立秋刚过,暑气却丝毫没有减退的意思,空气里除了燥热,还悄悄渗进了一丝若有若无的甜意——那是葡萄快要成熟的味道。
时间滑到八月中旬,办公室里关于葡萄的讨论就像藤蔓一样,不知不觉爬满了每一个闲聊的间隙。
靠窗的李姐每天都要念叨一遍她家楼下的葡萄架,“叶子都开始泛黄了,串儿也挂得沉了,我看啊,再过几天就能摘着吃了”;
而坐我对面的老张却摇着头反驳,他常年跑平度的业务,对大泽山的葡萄熟稔得很,“你那楼下的葡萄跟大泽山的没法比,现在的葡萄甜度撑死了二十来个,咬一口酸得牙都倒,得等月底,甜度飙到八十往上,那才叫真正的甜到心坎里”。
老张这话一出口,办公室瞬间安静了几秒,紧接着就炸开了锅。
有人追问大泽山葡萄到底有多甜,有人打听怎么去最方便,老张则慢悠悠地补充:“要去就得赶在平度葡萄节之前,不然啊,山上全是人挤人,好葡萄早被抢光了——那些个颗粒饱满、糖霜厚实的‘金皇后’‘玫瑰香’,都是早早就被熟客订走的宝贝,等节一开幕,剩下的要么是小串儿,要么是甜度不够的,吃着就没那股子劲儿了。”
他说得头头是道,我在一旁听得心里直发痒,手里的笔都停了下来,脑子里已经开始勾勒大泽山葡萄沉甸甸挂在藤上的模样。
回到家我就翻了翻日历,巧得很,这个月月底正好是周六,不用请假,完美的出行日。
当下就拍板决定:去大泽山吃葡萄!既然要去,就得把准备工作做足。首先是车,来回不到两百多公里的路,油箱必须满格,我特意绕到常去的加油站,看着油表一点点往上跳,心里的期待也跟着涨满了。
然后是约人,这么好的事儿可不能独享,第一个就想到了大姐,她最疼孩子,带上两个小姑娘一起去,路上肯定热闹。
我刚把想法一说,大姐就笑着答应了,电话那头还传来外甥女欢呼的声音,连女儿也凑过来抱着我的胳膊,眼睛亮晶晶地问:“妈妈,我们能自己摘葡萄吗?”
出发前一天晚上,家里简直像在备战。
女儿把自己的小背包塞得鼓鼓囊囊,里面全是她的小零食和玩具,说是要和表姐分享;
大姐则细心多了,她知道自己晕车,提前从药箱里翻出晕车贴,睡前就贴在了耳后,还特意去超市买了姜糖和一大包便携垃圾袋,“万一路上不舒服,有这些能方便点”。

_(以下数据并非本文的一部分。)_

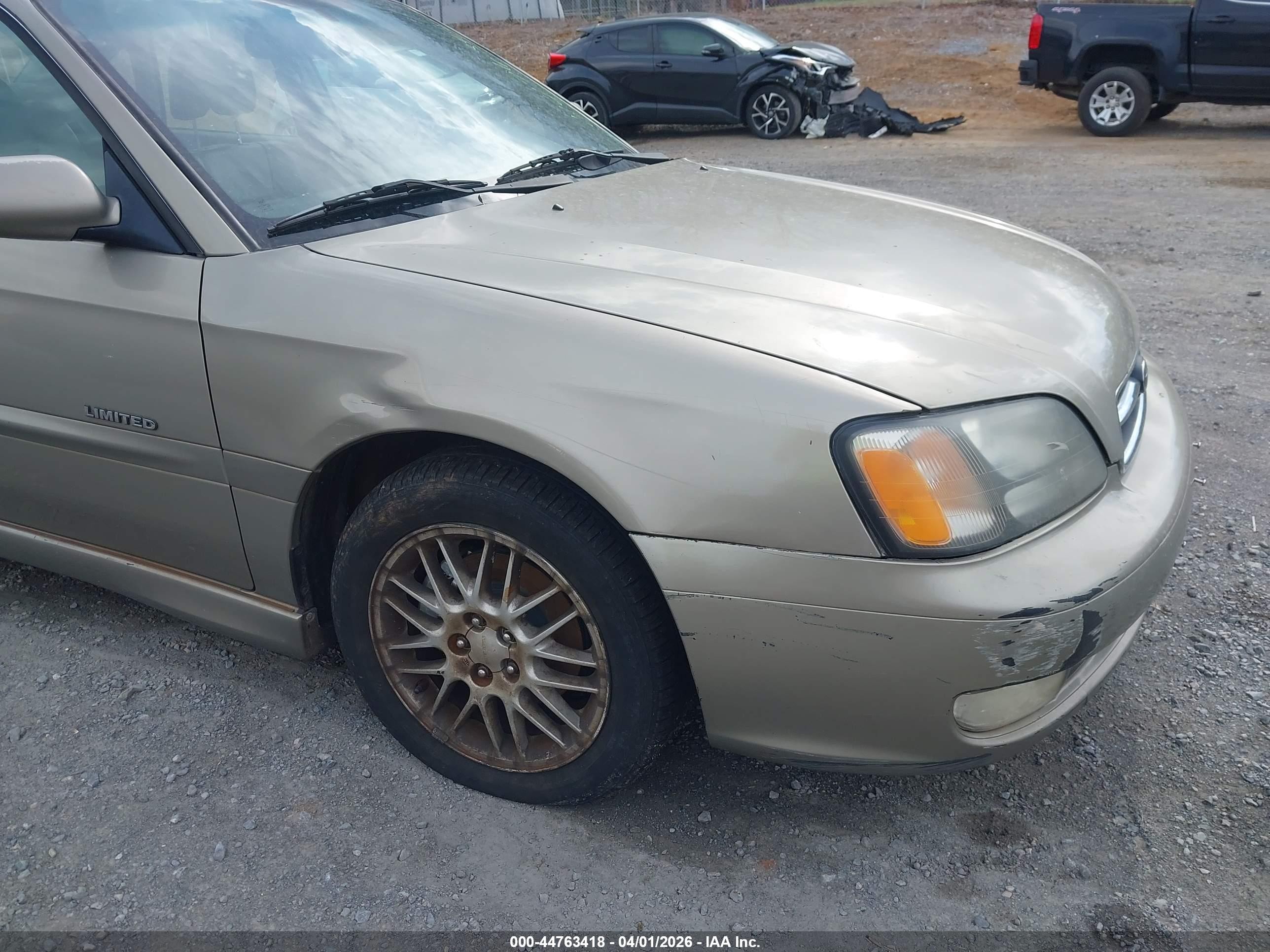 2000 Subaru Legacy Gt Limited Gold vin: 4S3BE656XY7206066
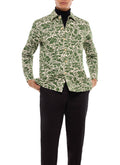 Surchemise Imprimé Camouflage - Olive
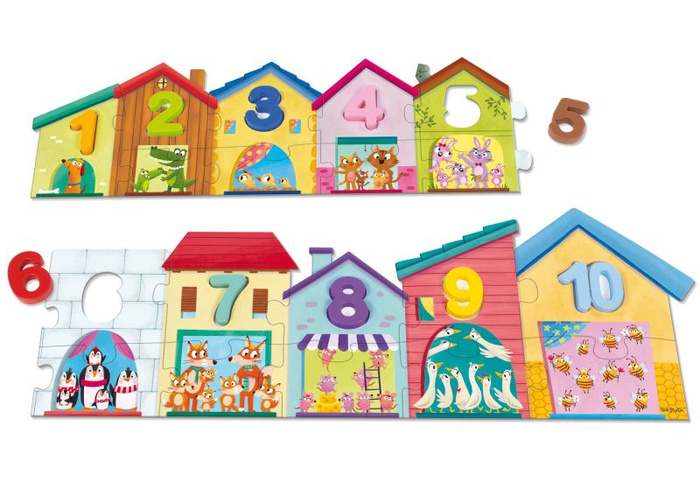 Puzzle poznaj cyfry 1-10 Goula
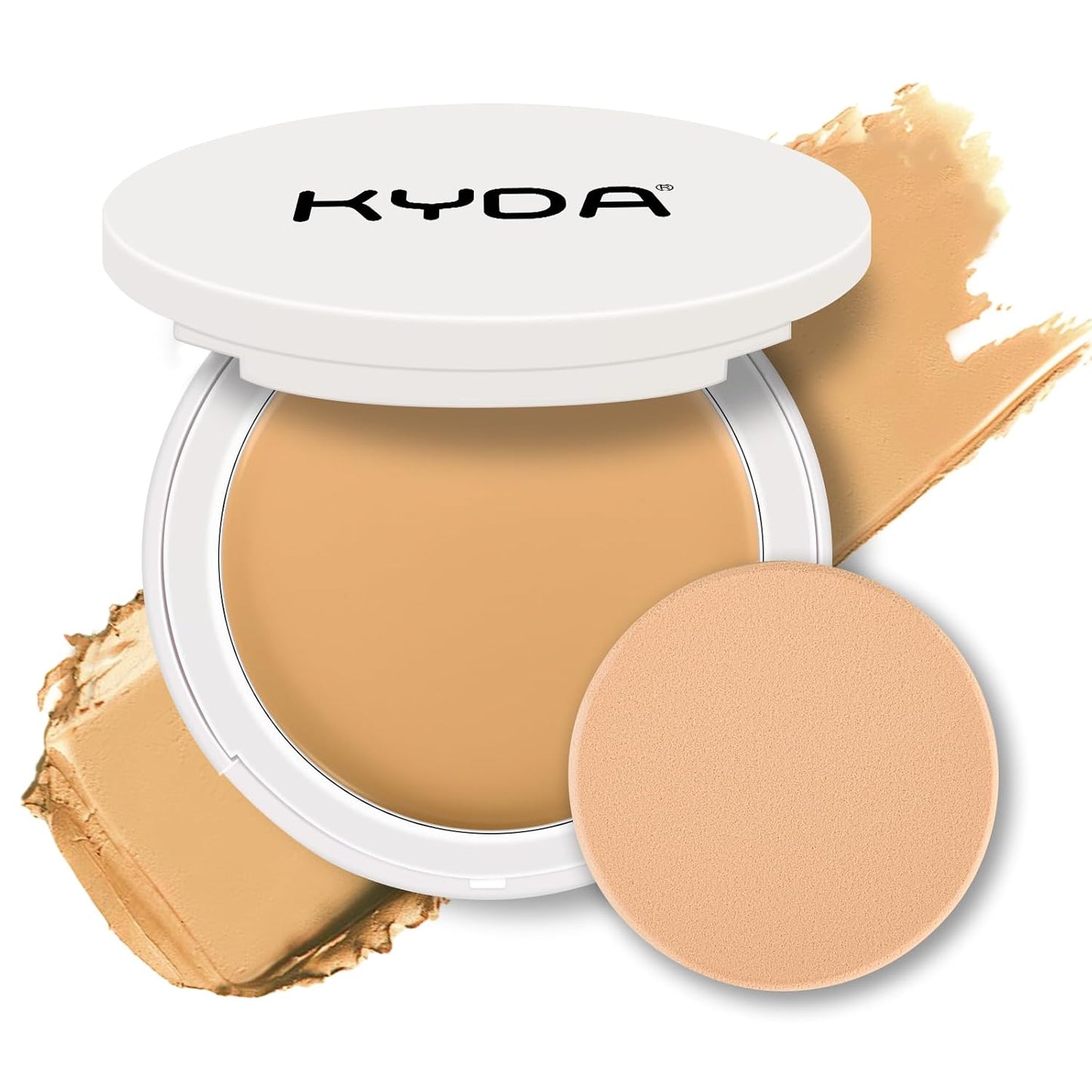 KYDA Tinted Foundation Balm - Soft-Focus Matte Finish Cream-to-Powder Makeup | Buildable Coverage, Weightless, BBD01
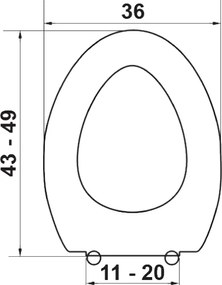 Elvit Capri Polyester 0099 - Κάλυμμα Λεκάνης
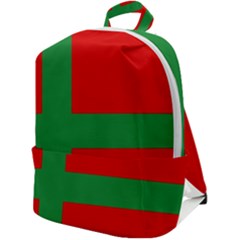 Bornholm Denmark Flag Zip Up Backpack by tony4urban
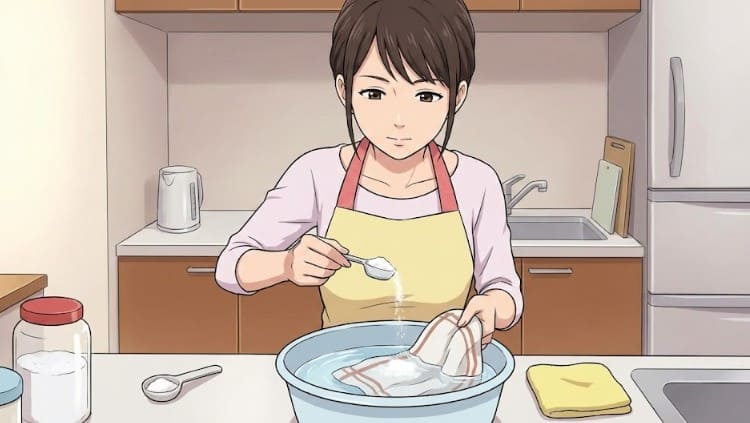 重曹を匂い消しに使う手順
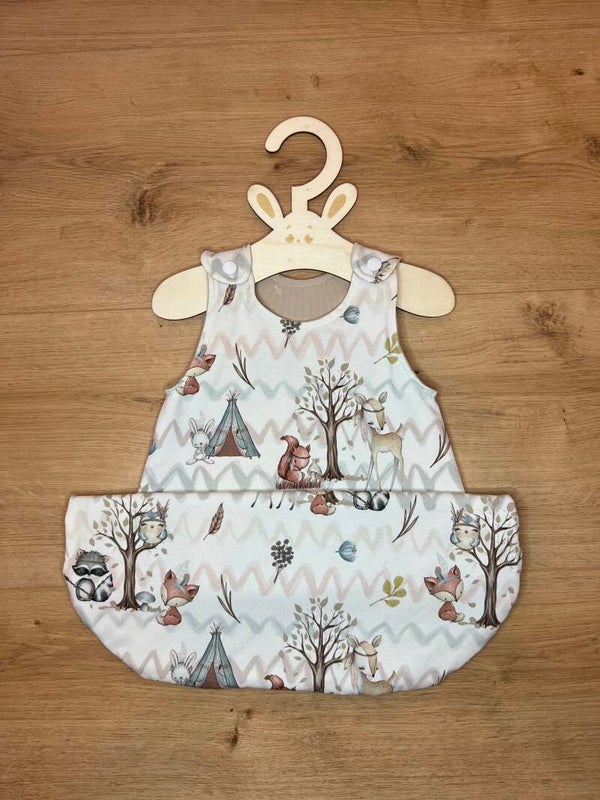 Schlafsack Waldfreunde Hellbeige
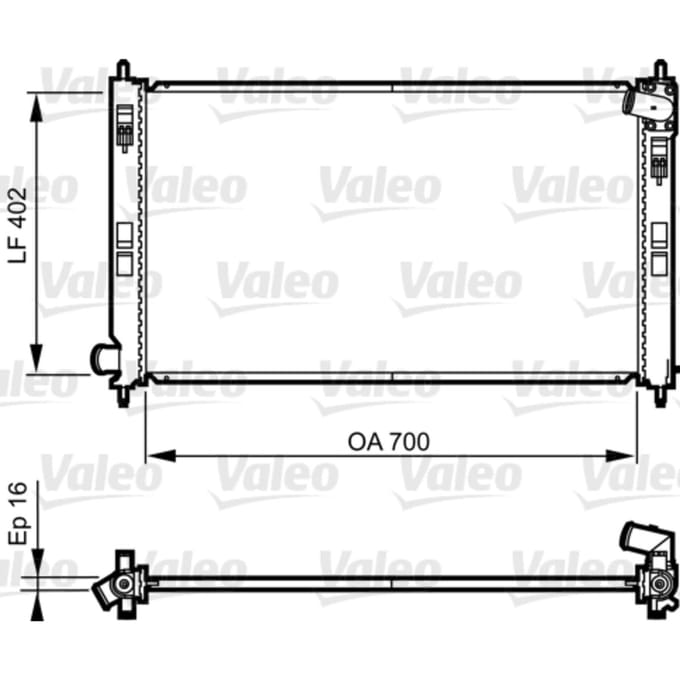 Radiator, motorkoeling VALEO 735575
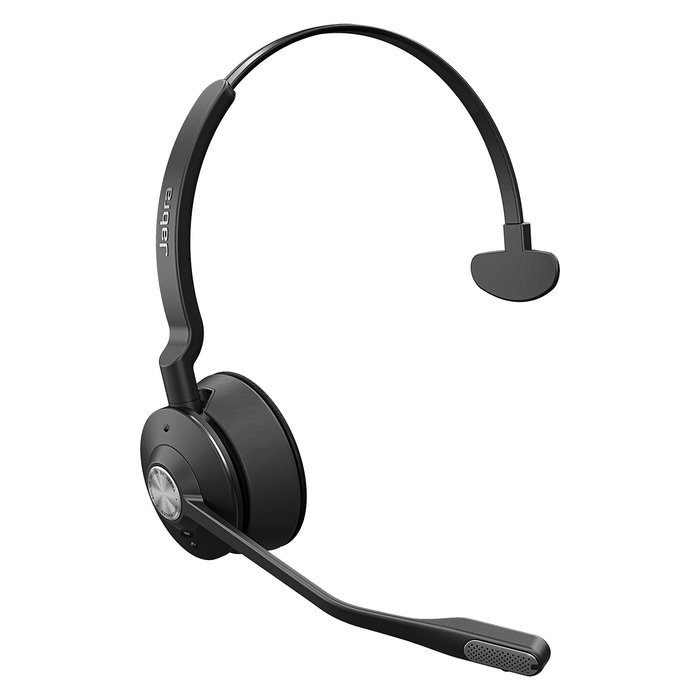 Jabra Engage 65 SE Auriculares Inalámbricos DECT con Micrófono Boom, Mono (Supraaural), Negro, 13h Batería, USB-C, Certificado UC, para Oficina/Centro de Llamadas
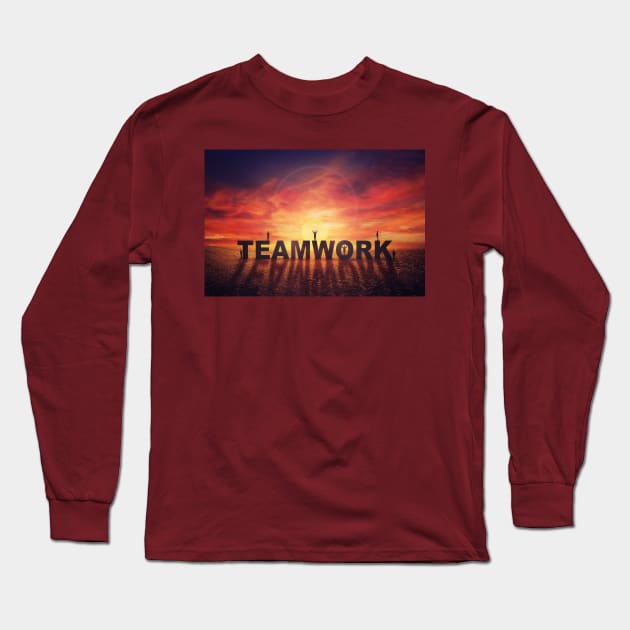 teamwork Long Sleeve T-Shirt by 1STunningArt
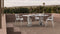 Dante - Dante Dining Table, Modellato Marble, 77in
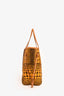 Louis Vuitton x Yayoi Kusama 2012 Monogram Yellow Wave Neverfull MM Tote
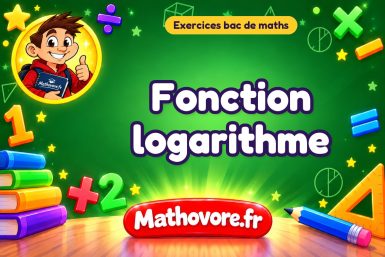 Exercices bac de maths : Fonction logarithme, sujets des annales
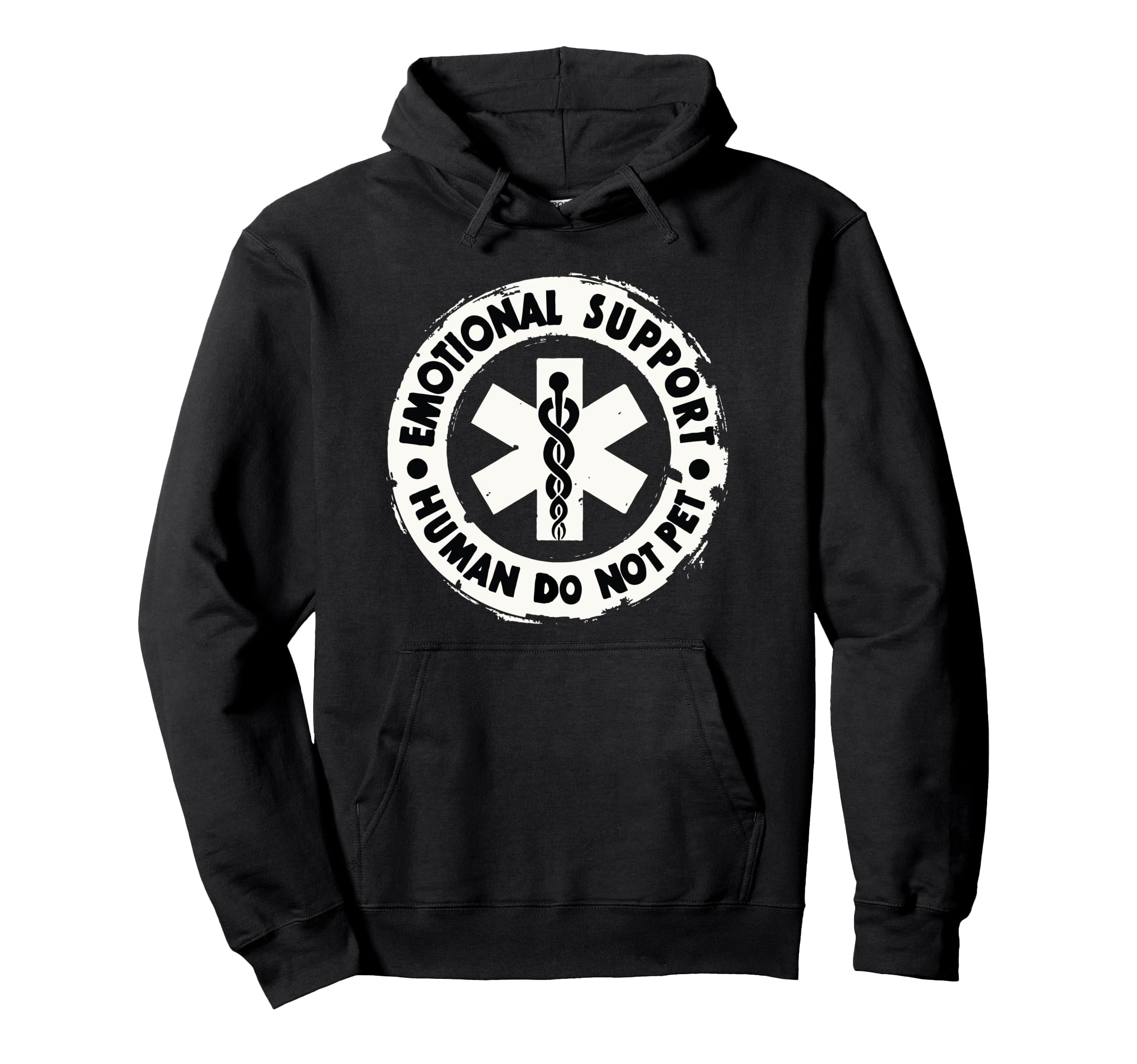 Emotional Support Human Do Not Pet Funny Hoodie - Graphic Print Men Women - T-Shirt, Sweatshirt, Hoodie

我则在手机里下载好了离线地图,又给保温杯装满了凉白开,检查了一遍车钥匙、钱包,确认没落下东西才安心睡觉。
躺在床上,脑子里全是老张说的那些甜葡萄,连做梦都梦见自己咬开一颗,汁水顺着手指往下流,甜得人嘴角都合不上。
出发那天清晨,天刚蒙蒙亮,空气里带着点露水的清凉。我们收拾妥当下楼时,王良已经把车停在了单元门口,车玻璃擦得干干净净,座椅上还铺了透气的坐垫。
“都上车吧,咱们早点走,路上不堵车。”他笑着打开车门,大姐和两个小姑娘先坐进了后排,我则坐在了副驾驶。
车子缓缓驶出小区,朝阳刚好从地平线上升起,金色的光芒洒在车身上,连带着每个人的心情都变得格外明媚。
刚上高速那会儿,大姐还有点担心自己会晕车,一直靠在车窗边看着外面的风景。
我很细心,特意把车速放得平稳些,每隔一段时间就会问一句:“姐,要不要开点窗透透气?”得到肯定的答复后,他慢慢降下车窗,带着草木清香的风瞬间涌了进来,吹散了车厢里的沉闷。
大姐拿出提前准备好的姜糖,分给每个人一颗,甜丝丝的姜味在嘴里散开,让人精神都振奋了不少。
两个小姑娘则完全闲不住,一会儿指着远处连绵的青山尖叫,一会儿又被天上形态各异的云朵吸引。
“表姐你看!那朵云像不像小兔子?”女儿拉着外甥女的手,兴奋地指着窗外。
“像!还有那朵,像!”外孙女顺着她指的方向看去,也咯咯地笑了起来。她们的笑声像一串清脆的风铃,飘出车窗,融进了清晨的阳光里。
我拿出手机,悄悄把这温馨的画面拍了下来,心里想着,这都是最好的写作素材啊。
其实我一直很喜欢出门游玩,倒不是为了所谓的“打卡”,更多的是为了给自己的写作积累灵感。